Work task -> Copy each line from the records below in which the word "Manual" is found.

Exercise data ->
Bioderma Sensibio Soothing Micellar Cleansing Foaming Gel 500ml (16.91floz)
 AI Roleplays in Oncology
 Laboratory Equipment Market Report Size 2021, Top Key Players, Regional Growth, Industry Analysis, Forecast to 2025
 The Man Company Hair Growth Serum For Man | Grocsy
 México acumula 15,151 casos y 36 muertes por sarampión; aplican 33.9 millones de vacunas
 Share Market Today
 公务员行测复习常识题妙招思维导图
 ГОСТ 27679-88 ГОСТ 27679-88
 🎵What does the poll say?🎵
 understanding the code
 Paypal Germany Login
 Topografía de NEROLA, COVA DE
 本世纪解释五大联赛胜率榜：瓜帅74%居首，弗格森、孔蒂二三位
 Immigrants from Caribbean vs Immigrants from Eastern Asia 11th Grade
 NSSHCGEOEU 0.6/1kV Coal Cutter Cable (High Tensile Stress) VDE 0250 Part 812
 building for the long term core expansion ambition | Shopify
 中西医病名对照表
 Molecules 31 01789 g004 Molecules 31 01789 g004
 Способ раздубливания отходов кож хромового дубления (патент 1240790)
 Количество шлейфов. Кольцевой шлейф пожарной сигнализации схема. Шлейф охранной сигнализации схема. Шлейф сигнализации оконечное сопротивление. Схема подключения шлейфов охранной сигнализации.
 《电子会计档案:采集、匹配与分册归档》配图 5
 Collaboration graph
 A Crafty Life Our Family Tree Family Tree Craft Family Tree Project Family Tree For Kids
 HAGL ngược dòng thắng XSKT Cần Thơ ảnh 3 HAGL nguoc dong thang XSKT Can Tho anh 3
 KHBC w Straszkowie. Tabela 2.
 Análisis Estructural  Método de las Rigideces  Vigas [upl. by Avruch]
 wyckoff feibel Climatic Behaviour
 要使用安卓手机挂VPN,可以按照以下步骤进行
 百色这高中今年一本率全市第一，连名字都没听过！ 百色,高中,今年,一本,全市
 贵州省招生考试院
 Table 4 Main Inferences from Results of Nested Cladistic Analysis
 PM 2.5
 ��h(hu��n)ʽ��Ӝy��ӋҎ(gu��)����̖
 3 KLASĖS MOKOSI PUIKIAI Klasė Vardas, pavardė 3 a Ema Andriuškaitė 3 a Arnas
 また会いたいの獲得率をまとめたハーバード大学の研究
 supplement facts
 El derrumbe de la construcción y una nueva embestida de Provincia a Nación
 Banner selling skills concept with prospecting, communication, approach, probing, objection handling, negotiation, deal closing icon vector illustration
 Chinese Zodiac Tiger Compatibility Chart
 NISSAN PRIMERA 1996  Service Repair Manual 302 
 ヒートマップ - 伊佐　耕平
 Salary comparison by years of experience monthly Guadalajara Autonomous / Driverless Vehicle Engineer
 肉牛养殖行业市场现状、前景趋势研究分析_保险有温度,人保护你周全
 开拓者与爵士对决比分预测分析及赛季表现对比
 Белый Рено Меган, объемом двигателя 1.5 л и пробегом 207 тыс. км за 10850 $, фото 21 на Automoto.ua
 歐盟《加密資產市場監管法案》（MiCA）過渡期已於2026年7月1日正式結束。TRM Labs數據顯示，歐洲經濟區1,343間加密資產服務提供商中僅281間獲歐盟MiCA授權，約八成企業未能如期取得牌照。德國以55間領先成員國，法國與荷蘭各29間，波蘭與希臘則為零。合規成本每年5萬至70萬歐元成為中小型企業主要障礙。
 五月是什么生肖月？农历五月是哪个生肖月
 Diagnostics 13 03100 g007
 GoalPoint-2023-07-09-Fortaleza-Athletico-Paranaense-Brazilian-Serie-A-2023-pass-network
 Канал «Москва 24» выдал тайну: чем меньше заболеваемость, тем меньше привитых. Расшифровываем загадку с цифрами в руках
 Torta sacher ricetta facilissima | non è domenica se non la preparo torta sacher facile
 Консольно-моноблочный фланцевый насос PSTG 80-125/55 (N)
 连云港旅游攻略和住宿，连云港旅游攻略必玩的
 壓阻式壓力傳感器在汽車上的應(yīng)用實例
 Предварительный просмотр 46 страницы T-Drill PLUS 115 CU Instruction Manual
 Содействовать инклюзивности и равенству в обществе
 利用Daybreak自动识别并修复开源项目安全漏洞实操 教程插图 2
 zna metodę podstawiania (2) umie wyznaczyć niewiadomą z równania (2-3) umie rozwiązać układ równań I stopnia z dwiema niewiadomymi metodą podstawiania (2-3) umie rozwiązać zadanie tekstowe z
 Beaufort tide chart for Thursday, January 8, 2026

Worked solution ->
 NISSAN PRIMERA 1996  Service Repair Manual 302 
 Предварительный просмотр 46 страницы T-Drill PLUS 115 CU Instruction Manual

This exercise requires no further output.